Ikan Melimpah, Mengapa Nelayan Marah?

Pascakebijakan Menteri Susi Pudjiastuti dalam memberantas pencurian ikan, kini para nelayan dapat merasakan melimpahnya ikan-ikan di laut.

oleh Muslim AR diperbarui 05 Apr 2016, 08:21 WIB
Para nelayan di pasar ikan Jempur, Komplek PPI Klaligi, Sorong, Papua Barat

Liputan6.com, Sorong - Para nelayan dapat merasakan melimpahnya ikan di laut pascakebijakan yang dikeluarkan Menteri Kelautan dan Perikanan Susi Pudjiastuti terkait pemberantas pencurian ikan.

Kini, ratusan ikan tuna seberat 40-50 kilogram dapat mereka panen setiap hari. Namun, banyaknya ikan ini menimbulkan masalah baru.
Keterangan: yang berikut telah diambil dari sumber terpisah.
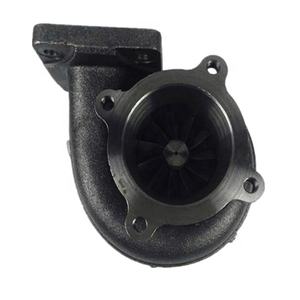 EX200-2/<span class=keywords><strong>3</strong></span> turbo VB240044 VA240044 CI89 114400-2720 114400-2710 114400-2720 02800132 - Product Image 3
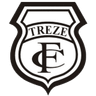 Treze U20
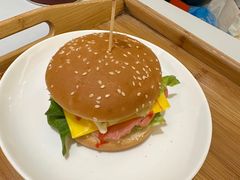 -福田家月子中心 产后 月嫂(市立母子医院店)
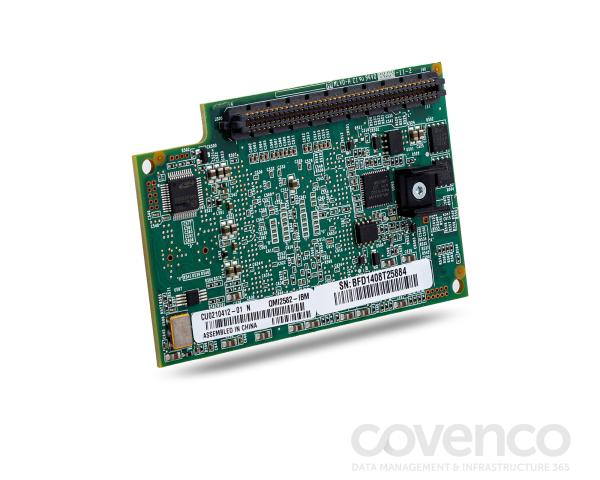 8GB Fibre Channel CIOv EXP CARD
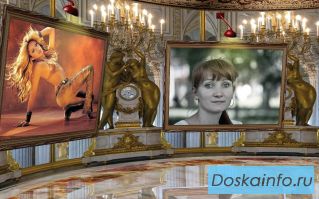  Создание  Видеофильмов и Слайд-Шоу на DVD  
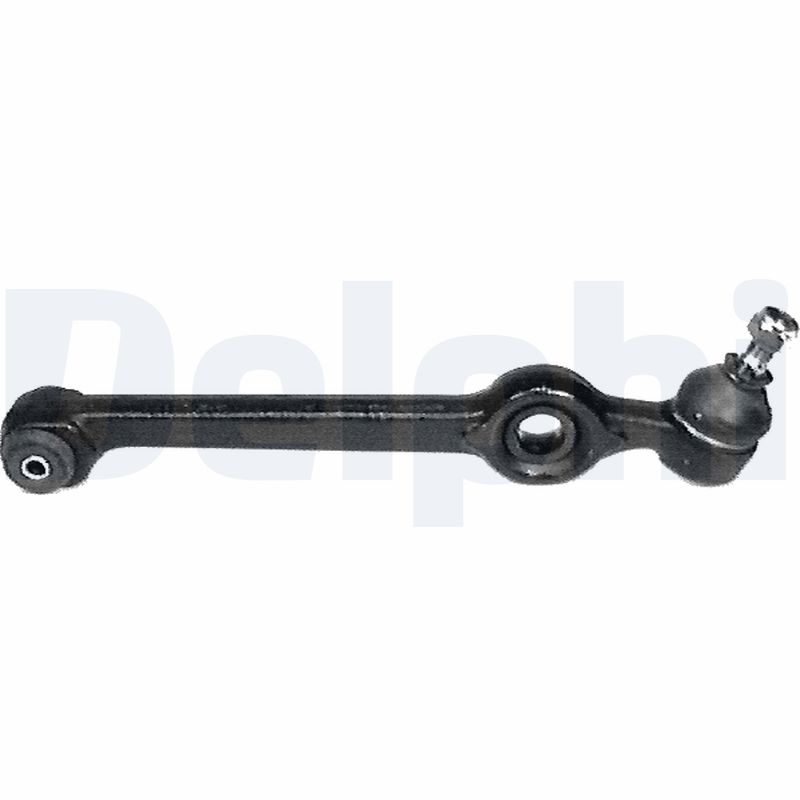 BRAS DE SUSPENSION INFERIEUR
Para nelayan bingung menjualnya ke mana. Terlebih, ada kebijakan tidak boleh menjual ke kapal asing. Seperti nelayan di Pasar Ikan Jempur, Komplek PPI Klaligi, Sorong, Papua Barat. Mereka menjejerkan tuna-tuna tangkapannya di pasar.

Sebelum moratorium dan pelarangan transhipment yang dikeluarkan Menteri Susi, ikan-ikan besar ini tidak dijual di pasar-pasar. Menurut keterangan belasan penjual, biasanya ikan tuna dengan ukuran besar itu langsung diekspor ke luar negeri.

"Sejak akhir tahun lalu (Oktober 2015), kami sudah sering jual ini (tuna), sebelumnya cuma baby tuna saja," ujar salah seorang penjual ikan, Yusak Lawuri pada Liputan6.com, Senin 4 Maret 2016 pagi, di Sorong.

Pada akhirnya, mereka menjual ke pengumpul dan Unit Pengolahan Ikan dengan harga rendah.

"Nelayan banyak, yang jual banyak, tapi tidak ada yang beli, jangan jadi penipu to, kita dilarang jual sama pabrik, tapi hasil banyak tidak ada yang beli," kata seorang nelayan, Iki Mai.

Menurut nelayan yang ditemui Liputan6.com, kebijakan Susi itu memicu konflik di kalangan sesama nelayan. Pasalnya, bantuan dari pemerintah dinilai pilih kasih.

"Kita tak dikasih bantu ka. Kenapa cuma nelayan dengan kapal besar saja dapat bantuan to? Kami nelayan tradisional mendayung dari tepi. Itu mereka sudah punya kapal, masih dibantu," teriak Derek, nelayan lainnya yang langsung menunjuk beberapa kapal katinting bantuan pemerintah di tepian dermaga.

Dia juga mengatakan banyak oknum pemerintah di Dinas Kelautan dan Perikanan di Kota Sorong yang memanfaatkan keadaan ini.

"Saya harus bayar Rp 2 juta untuk satu kapal katinting, sedangkan nelayan berkapal besar tidak bayar," kata Yusak.

Dari pantauan Liputan6.com, Pasar Ikan Jempur mulai aktif sejak pukul 04.00 WIT dan sudah mulai sepi pukul 08.00 WIT.

Kepala Pengawasan Pasar Ikan Jempur, Sani mengatakan pihaknya justru mendapat laporan tentang kenaikan penjualan ikan oleh nelayan. Namun, saat ditanya soal keluhan para nelayan itu, Sani pun kebingungan.

"Ya, mereka tentu harus bersaing sesuai dengan harga yang mereka sepakati sesama nelayan," ujar Sani.